А сегодня, в день своего преподавательского дебюта, сидящий рядом с профессором в автомобиле насмешливый, некомфортный в общении человек, вместо того чтобы сосредоточиться на деталях предстоящей лекции, углубился совсем в другое, не оговоренное контрактом, наслаждаясь к тому же бесценным – мало оцененным по достоинству – изобретением природы: мысль одного человека не видна другому.
Как именно это было вчера?.. Да, вот так:
…Плечом он прижал к уху трубку телефона и, ссыпав в его узкий инквизиторский рот свою жалкую взятку, набрал номер. Этот номер он знал уже наизусть. Гудков не было. "Что за ч-ч-че-о-о-о-р-р-рт?!!" – взвыл он вслух. "Gisela von Wolf", – мягко отозвался женский голос.

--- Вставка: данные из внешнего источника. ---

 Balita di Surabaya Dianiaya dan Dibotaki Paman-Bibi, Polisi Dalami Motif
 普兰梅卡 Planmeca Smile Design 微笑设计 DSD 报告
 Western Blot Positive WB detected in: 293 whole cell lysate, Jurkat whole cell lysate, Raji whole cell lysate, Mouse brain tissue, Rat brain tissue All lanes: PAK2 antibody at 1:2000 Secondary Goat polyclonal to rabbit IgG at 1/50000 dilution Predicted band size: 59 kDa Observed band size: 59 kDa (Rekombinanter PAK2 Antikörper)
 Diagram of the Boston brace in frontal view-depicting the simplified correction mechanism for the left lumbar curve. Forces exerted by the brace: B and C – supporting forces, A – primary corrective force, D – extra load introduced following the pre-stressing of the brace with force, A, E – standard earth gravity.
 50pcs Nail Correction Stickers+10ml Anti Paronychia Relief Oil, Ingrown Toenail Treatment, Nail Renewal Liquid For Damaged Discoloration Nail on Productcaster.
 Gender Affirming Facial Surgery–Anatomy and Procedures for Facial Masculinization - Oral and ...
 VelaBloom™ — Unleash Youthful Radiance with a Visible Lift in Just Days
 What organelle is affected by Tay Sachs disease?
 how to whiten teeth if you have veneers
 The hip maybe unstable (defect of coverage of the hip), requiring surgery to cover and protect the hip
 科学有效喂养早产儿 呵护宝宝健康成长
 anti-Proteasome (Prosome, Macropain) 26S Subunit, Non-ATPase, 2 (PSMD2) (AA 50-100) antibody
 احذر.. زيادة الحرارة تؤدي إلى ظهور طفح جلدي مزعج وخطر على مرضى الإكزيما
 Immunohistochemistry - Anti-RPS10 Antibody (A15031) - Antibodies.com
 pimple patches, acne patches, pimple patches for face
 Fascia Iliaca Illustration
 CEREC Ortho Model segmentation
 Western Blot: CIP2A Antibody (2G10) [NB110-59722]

Он обмер. "Ой… а Эберхард… – брякнул, как резко разбуженный. – Sorry, madam…is… is Eberhard at home?10 – попытался скорректировать впечатление, судорожными междометиями тут же давая понять, что и эту фразу засчитывать не надо – что сейчас, сейчас будет чистовой вариант. Содрогаясь от мощных ударов сердца, самым бархатным из своих баритонов, притом с марципановыми цезурами, он наконец проартикулировал: – Good evening, Frau von Wolf. My name is
Mike, I came from Saint-Petersburg. Could I talk, please to…"^26
– "Да, Эберхард дома, – приветливо подхватил голос. – Я говорю по-русски. Минуточку…"
"…Приехали, – оборвал его мысли Франк Цоллер. – Это наша потсдамская
Сорбонна… Как вам?"
И вот он бежит на вокзал. Лекции на сегодня, слава Богу, закончены
(вопросы студентов оригинальностью не отличались, чем-то напоминая вопросы пытливой аудитории к индийскому жрецу, который сулил материализацию духов и раздачу слонов, а его упорно спрашивали: "Не еврей ли вы?" и "Почему нет в продаже растительного масла?" – лекции на сегодня, слава Богу, закончены, и вот он бежит на вокзал.
Поезд на Берлин был уже подан. Пришлось повозиться с автоматом для продажи билетов, который имел в своем арсенале столько правил и столько исключений, сколько вряд ли имеет обеденная церемония королевской семьи. Но вот он вскочил в вагон, раздался резкий свисток, поезд тронулся, поплыла надпись POTSDAM HAUPTBAHNHOF, под ней – железнодорожный служащий с лицом кайзера, обрамленным белоснежной рубашкой с одной стороны и красной форменной фуражкой – с другой; потянулись бетонные заграждения, испещренные граффити; и вот поезд вышел на какой-то относительный простор, но тут же встал: за окном повисла надпись – BABELSBERG.